La loi de la baisse tendancielle du taux de profit selon Marx : plus il y a d’ouvriers moins il y en a et inversement

En licenciant, les entreprises perdent la source de leur plus-value, et le taux de profit baisse, alors que pour les capitalistes le fait qu’il y ait des salaires en moins est censé renforcer les profits.

Cependant, cela ne se réalise pas mécaniquement. Karl Marx fait ici une précision très importante, qui peut semble paradoxale.

Il dit que non seulement il peut y avoir plus de prolétaires qui travaillent et baisse tendancielle du taux de profit, mais même que cela doit nécessairement être le cas dans le capitalisme, et que justement cela a un rapport direct avec la baisse tendancielle du taux de profit.

C’est étrange : comment se fait-il que, puisque le capitalisme licencie pour rogner sur les salaires, il y ait pourtant davantage de prolétaires ? Et comment cela pourrait-il être en lien direct, comme deux aspects du même processus ?

Ce qui joue, en effet, c’est le rapport entre la part des machines et des prolétaires dans le travail total. Mais pour qu’il y ait plus de machines, plus de perfectionnement, il faut plus de capitalisme, donc plus d’ouvriers.

En fait, plus il y a d’ouvriers, moins il y en a, et moins il y en a, plus il y en a, par le jeu du capitalisme. Expliquons cela.

Le capital investit par exemple 100 euros dans une entreprise de transformation du textile au Bangladesh. Le matériel et les machines coûtent 20 euros, le travail des ouvriers 80 euros. Seulement, en raison de la concurrence, de l’accumulation des moyens de production inhérents au capitalisme, le capital modifie le rapport entre les machines et les ouvriers.
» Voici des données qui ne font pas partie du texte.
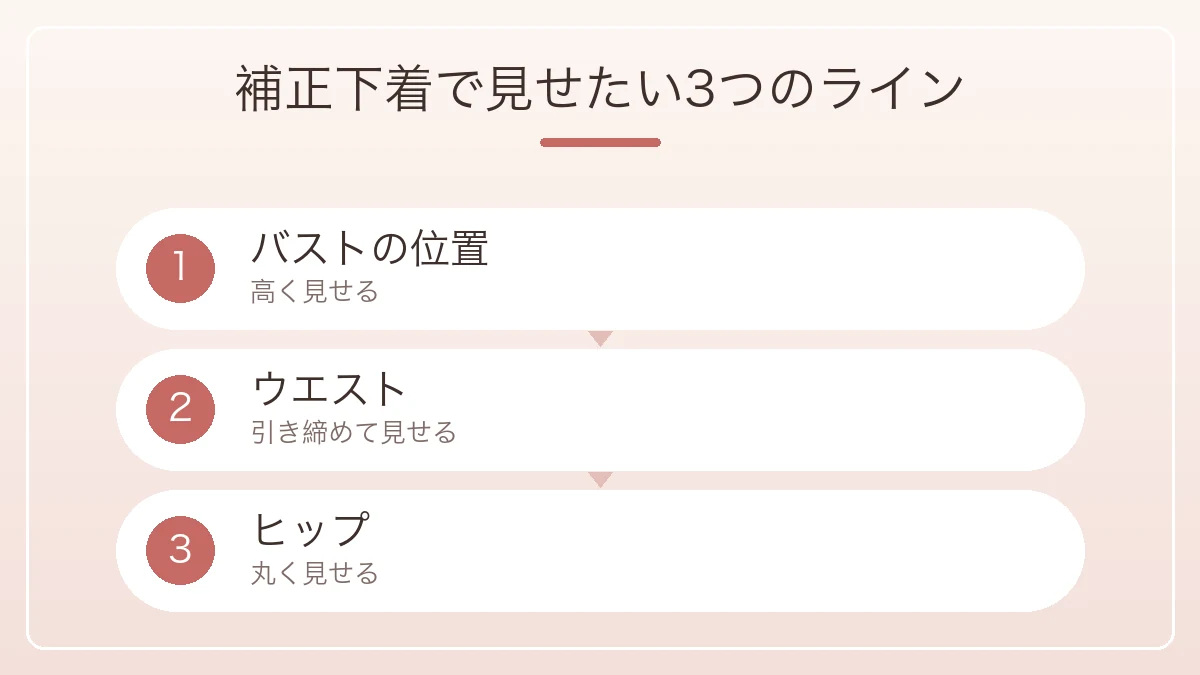 バストの位置とウエストとヒップを補正下着で見せたい3つのラインとして示した図解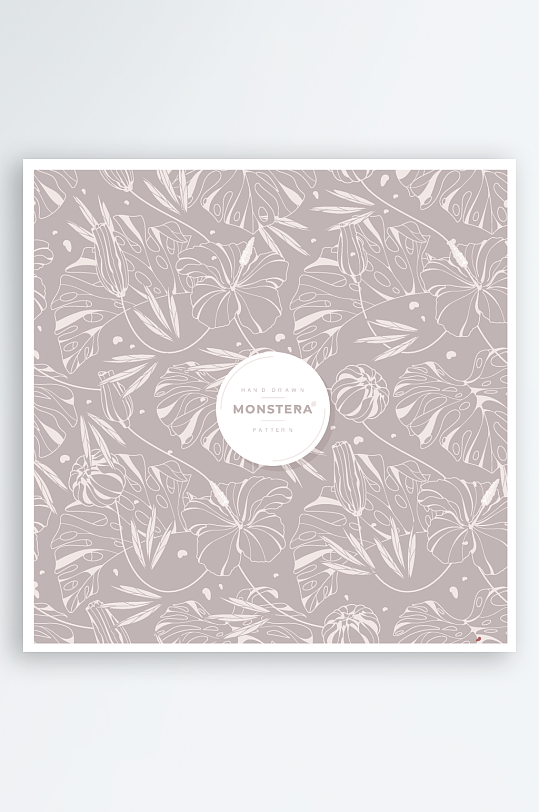 矢量无缝花纹花卉背景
Les machines coûtent alors, par exemple, 60 euros et les ouvriers 120 euros. Et le processus continue : plus la production est perfectionnée, plus la part d’utilisation de la main d’oeuvre humaine faiblit, et par conséquent la plus-value arrachée aux humains.

On peut intensifier le travail humain si on le veut, bloquer ou abaisser les salaires, c’est-dire renforcer l’exploitation, cela ne change rien : le capital investit 100, mais la partie « utile » pour les profits devient toujours plus petite.
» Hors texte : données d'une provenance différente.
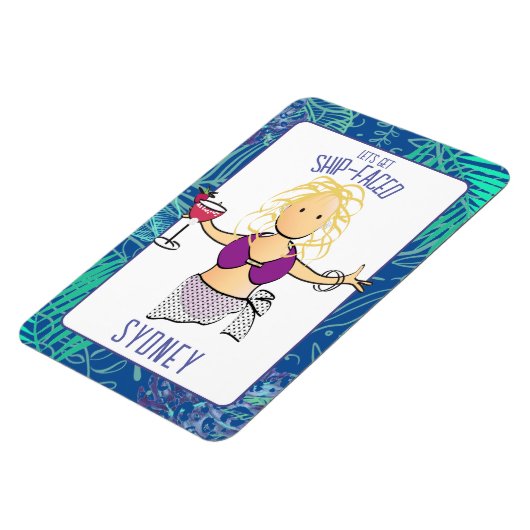 Funny Cartoon Woman Tropical Beach Cruise Door Magnet (Linke Seite)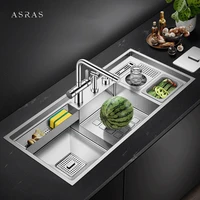 Large Size SUS 304 Stainless Steel Cup Rinser kitchen Sink 220mm Depth 4mm Thickness Handmade kitchen Sinks With Trash Can 1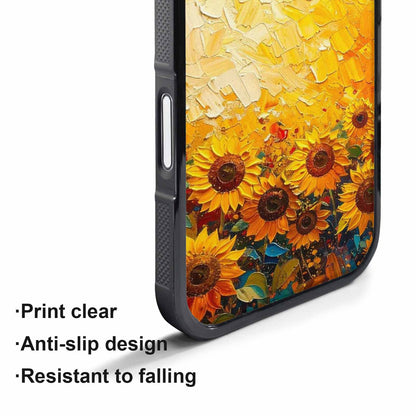 iPhone 17 Pro Case — Impressionist Sunflower Brushstroke Pattern Hundreds Floral, Original Design Phone Case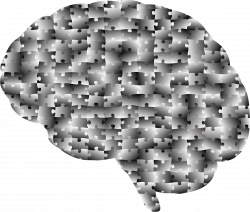 Clipart - Brain Jigsaw Puzzle Grayscale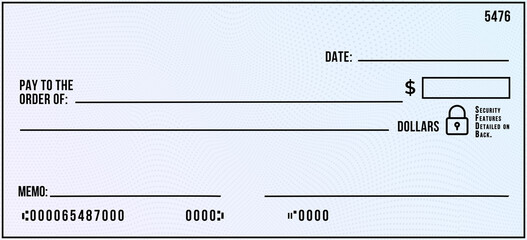 Bank check. Blank Check with Open Space for Your Text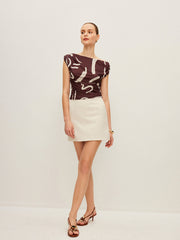 Abstract Print Off-Shoulder Top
Plus le capitalisme se modernise, plus la partie dédiée en réalité à arracher la plus-value aux humains se rétrécit. Le capitalisme est condamné à ne servir qu’à agrandir les moyens de production avant de disparaître.

Pourquoi, alors, y a-t-il toujours plus d’ouvriers ? Tout simplement parce qu’en se modernisant, il élargit la production de marchandises. Il y a une production toujours plus grande, toujours plus de biens produits, et par conséquent toujours plus d’ouvriers pour les produire.
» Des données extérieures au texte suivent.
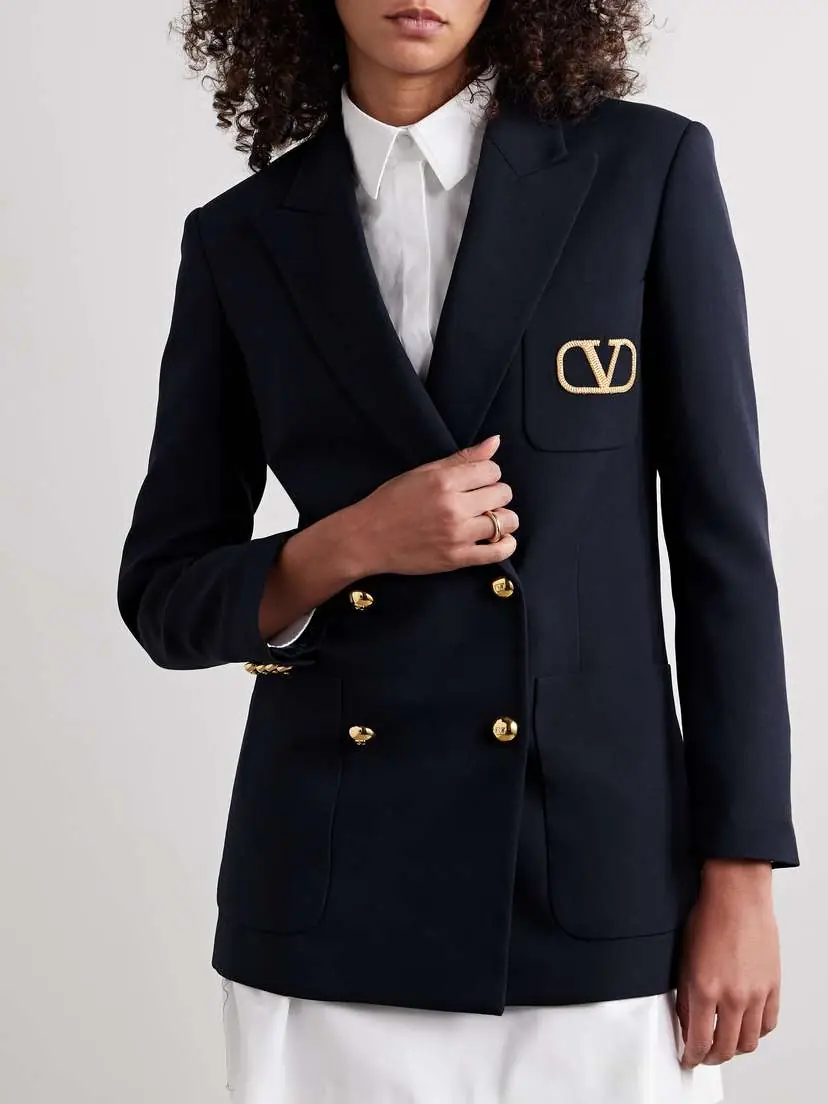 Valentino Garavani Double-breasted Embroidered Wool Blazer | Thumbnail 3 Valentino Garavani Double-breasted Embroidered Wool Blazer | Thumbnail 3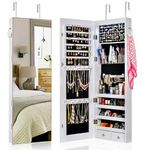 Sunix Mirror Jewelry Cabinet Wall/Door Lockable Jewelry Armoire Organizer Storage Jewelry Holder with 8 LEDs White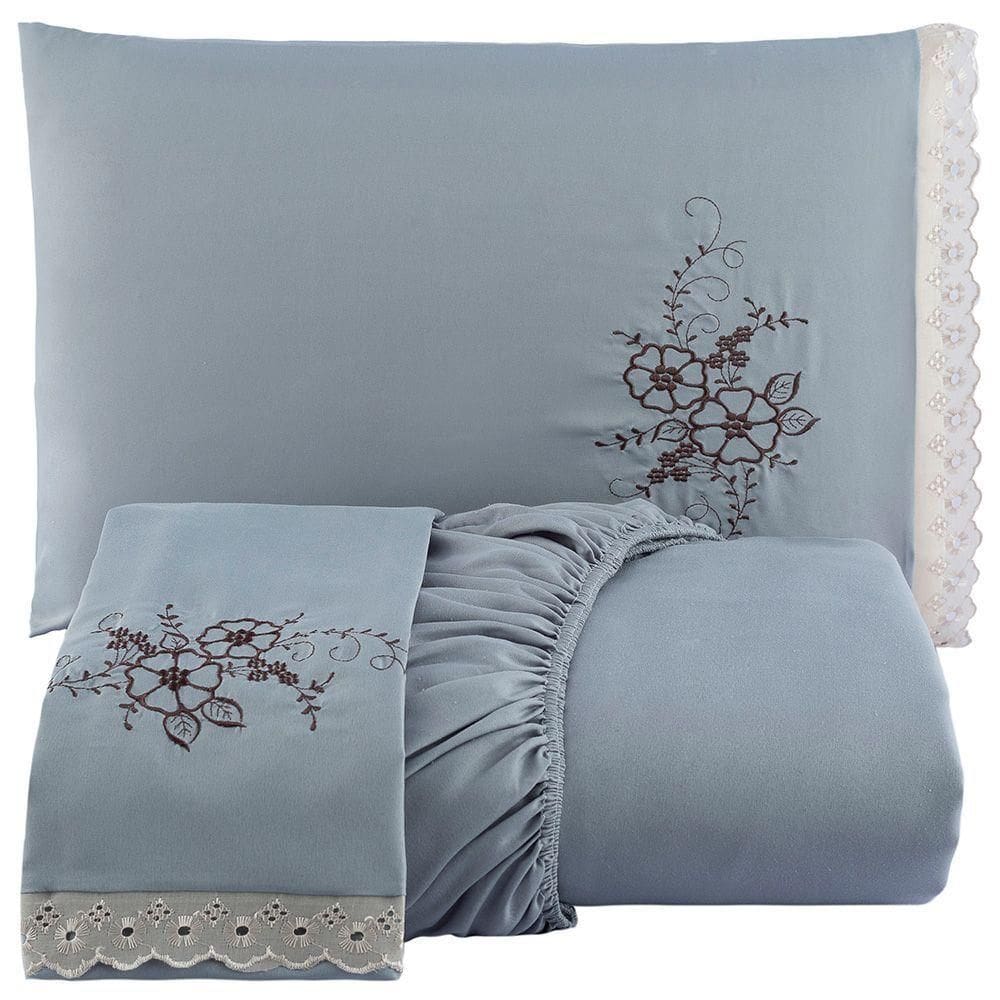 Jogo De Cama Lençol Queen Bordado Advance 3 Peças Cinza 100% Poliéster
Il se déroule ainsi un déséquilibre entre les branches les plus développées et celles qui sont plus arriérées. C’est cela qui explique l’explosion du nombre d’ouvriers en Chine et inversement la chute du nombre d’ouvriers en France, ce qui, dit ainsi, reste abstrait car ce n’est valable que pour certains secteurs : la prolétarisation se généralise également en France, car il y a reconversion des travailleurs dans d’autres secteurs.

Cette reconversion se déroulant dans le chaos capitaliste, cela présuppose le chômage, car les chômeurs sont l’armée de réserve industrielle du capital. Selon qu’il y ait plus ou moins de capital disponible selon les périodes, il y a plus ou moins de chômeurs, mais le chômage est inhérent au capitalisme.

Karl Marx note ainsi :

« De la nature du procès d’accumulation capitaliste – simple phase du procès de production capitaliste – il résulte tout naturellement que la masse accrue de moyens de production destinés à être convertis en capital a toujours sous la main une population ouvrière exploitable dont l’accroissement correspond au sien et même le dépasse.

A mesure que progressent les procès de production et d’accumulation, il faut donc que croisse la masse du surtravail appropriable et approprié et, par conséquent, la masse absolue du profit que s’approprie le capital social.

Mais ces mêmes lois régissant la production et l’accumulation font augmenter, avec sa masse, la valeur du capital constant selon une progression croissante plus rapide que celle du capital variable converti en travail vivant.

Donc, ce sont les mêmes lois qui entraînent pour le capital social une hausse absolue de la masse du profit, et une baisse du taux de celui-ci. »

Pour résumer, on pourrait dire ici que le capitalisme croît de manière quantitative et donc les profits, mais que le saut qualitatif consiste en l’effondrement du taux de celui-ci à chaque investissement.

Le capitalisme est alors dans une spirale négative : il produit toujours plus pour obtenir des profits, mais il peut en arracher toujours moins, et plus il bataille pour en arracher par la modernisation, plus il abaisse lui-même le taux de profit, la part d’exploitation concrète, dans l’investissement, ôtant le sol sous ses propres pieds.